# WORK REQUEST
From the entries below, reproduce exactly the lines from the one with "Secondly, we improved" through the one with "Good morning all", both included, without images.
++++ WORKING DATA
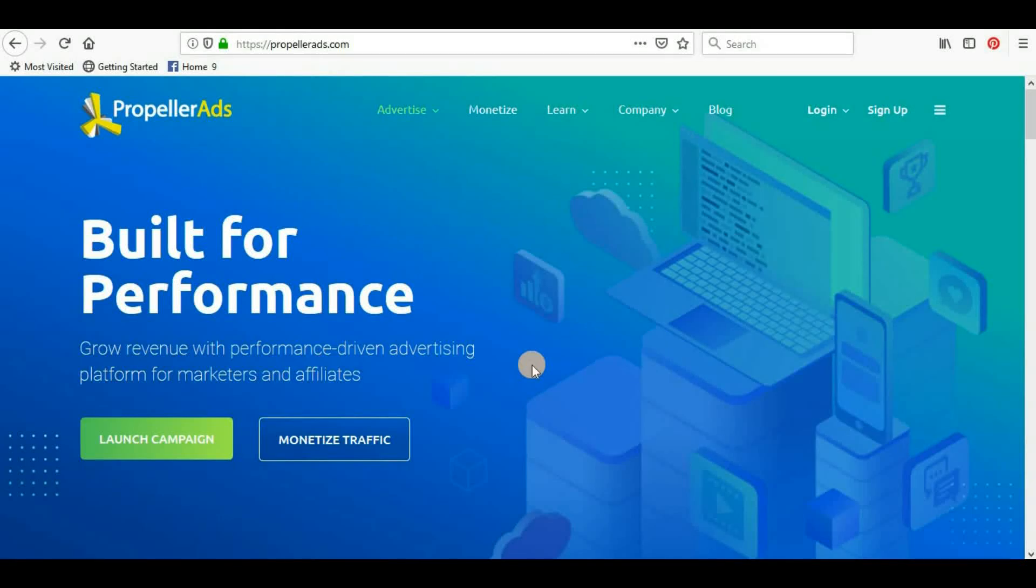Hello guys, welcome back to my channel. In today's video we will see how we can implement PropellerAds in a WordPress website. In other terms, we can see how to monetize a WordPress website from PropellerAds.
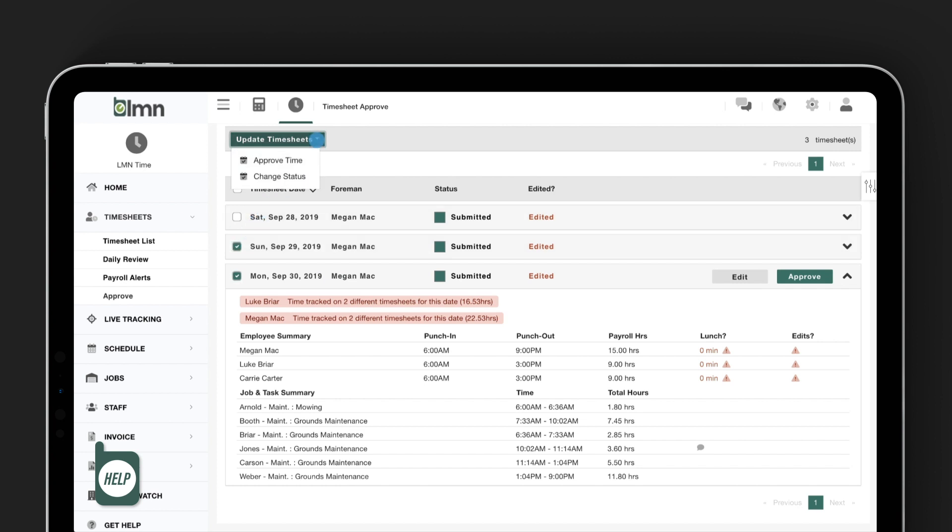Now you'll be able to make your timesheet and payroll approval process a lot faster and accurate, saving the office a ton of time and resources. For more timesheet approval tips, click the help button in the bottom left corner or visit the LMN Academy online.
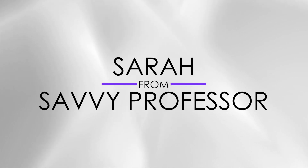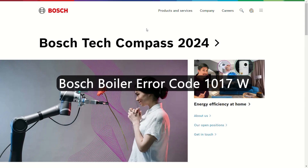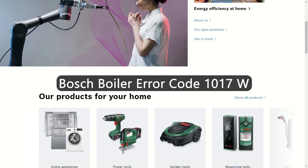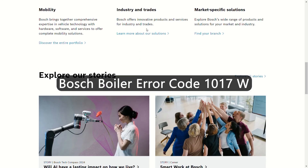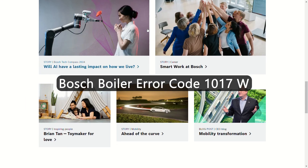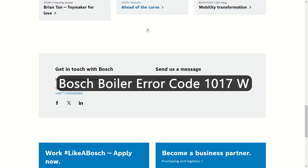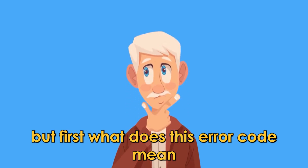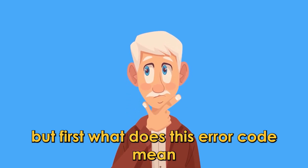Hi, this is Sarah from The Savvy Professor, and in today's video, we'll discuss how to fix the 1017W error code on a Bosch boiler. But first, what does this error code mean?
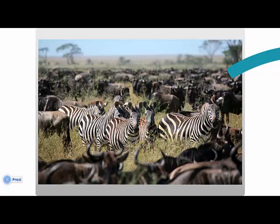And the last way we classify it is variety. This is an unstructured database which has different types of information and you can't analyze it in a conventional way. But with the technology which is around big data, we can now analyze it and get some information out of that, correlating all of this information so that we can make good informed decisions.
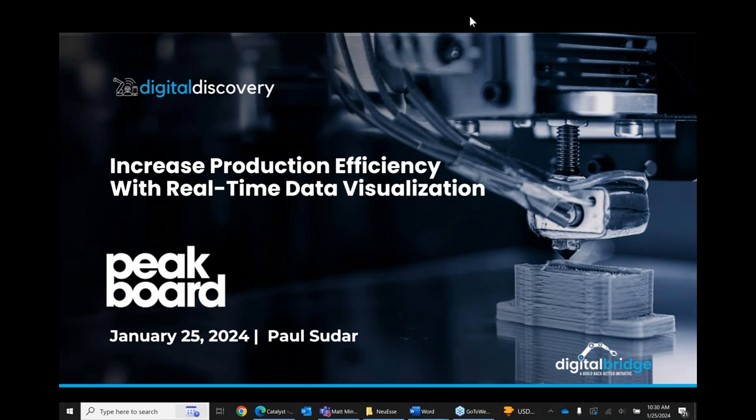Good morning, everyone, and welcome to today's edition of the Digital Discovery Webinar Series, part of the Digital Bridge Program here at Catalyst Connection. Today's discussion will focus on increasing production efficiency with real-time data visualization. We have a guest speaker today from PeakBoard, and the topic will cover how to make real-time data available to support efficiency in production and throughout your operations.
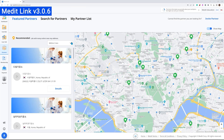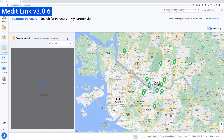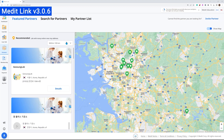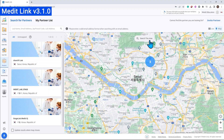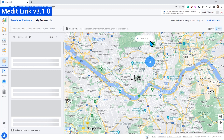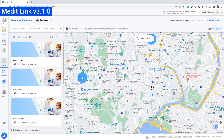Secondly, we improved the partner search process. Comfortably search for partners in the desired region and view all the search results at a glance.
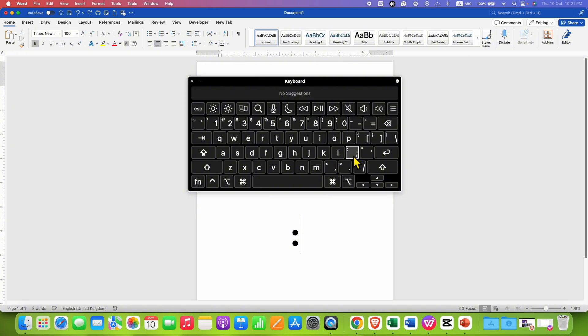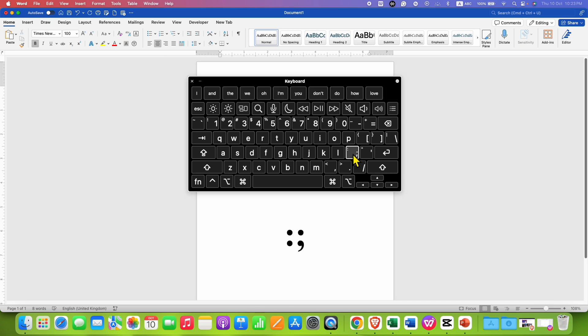The colon button and semicolon button are present here beside the enter key. However, note that if you directly press this button on your keyboard, you will get the semicolon instead of colon.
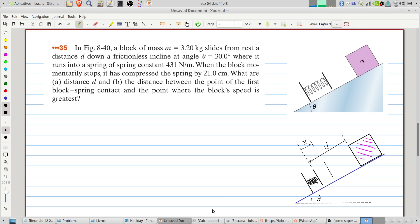Welcome to Problems and Solutions. Today we'll solve problem 35, chapter 8 of Fundamentals of Physics. A block of mass 3.20 kilograms slides from rest a distance d down a frictionless inclined plane at angle theta equals 30 degrees, where it runs into a spring of spring constant 431 newtons per meter. The block starts from rest, slips down the inclined plane, and runs into the spring, compressing it.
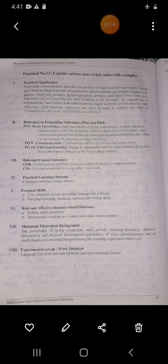Good morning all of you. Today we are going to learn practical number 12: explain various nonverbal codes with examples. In our last lecture we have seen practical number 11, and in this lecture we will see practical number 12 — explain various nonverbal codes with examples. These nonverbal codes are known as nonverbal language.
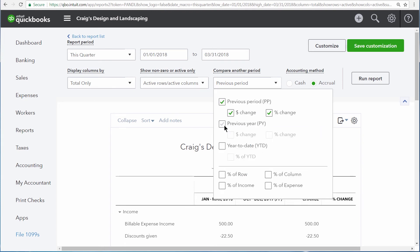From here, you can also compare the current period against the same period of time last year, and you can also add a column for This Year to Date, so you can see your Profit and Loss report for the selected period compared to the entire year.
++++++++
# RESULT FOR THIS TASK
Secondly, we improved the partner search process. Comfortably search for partners in the desired region and view all the search results at a glance.
The colon button and semicolon button are present here beside the enter key. However, note that if you directly press this button on your keyboard, you will get the semicolon instead of colon.
Welcome to Problems and Solutions. Today we'll solve problem 35, chapter 8 of Fundamentals of Physics. A block of mass 3.20 kilograms slides from rest a distance d down a frictionless inclined plane at angle theta equals 30 degrees, where it runs into a spring of spring constant 431 newtons per meter. The block starts from rest, slips down the inclined plane, and runs into the spring, compressing it.
Good morning all of you. Today we are going to learn practical number 12: explain various nonverbal codes with examples. In our last lecture we have seen practical number 11, and in this lecture we will see practical number 12 — explain various nonverbal codes with examples. These nonverbal codes are known as nonverbal language.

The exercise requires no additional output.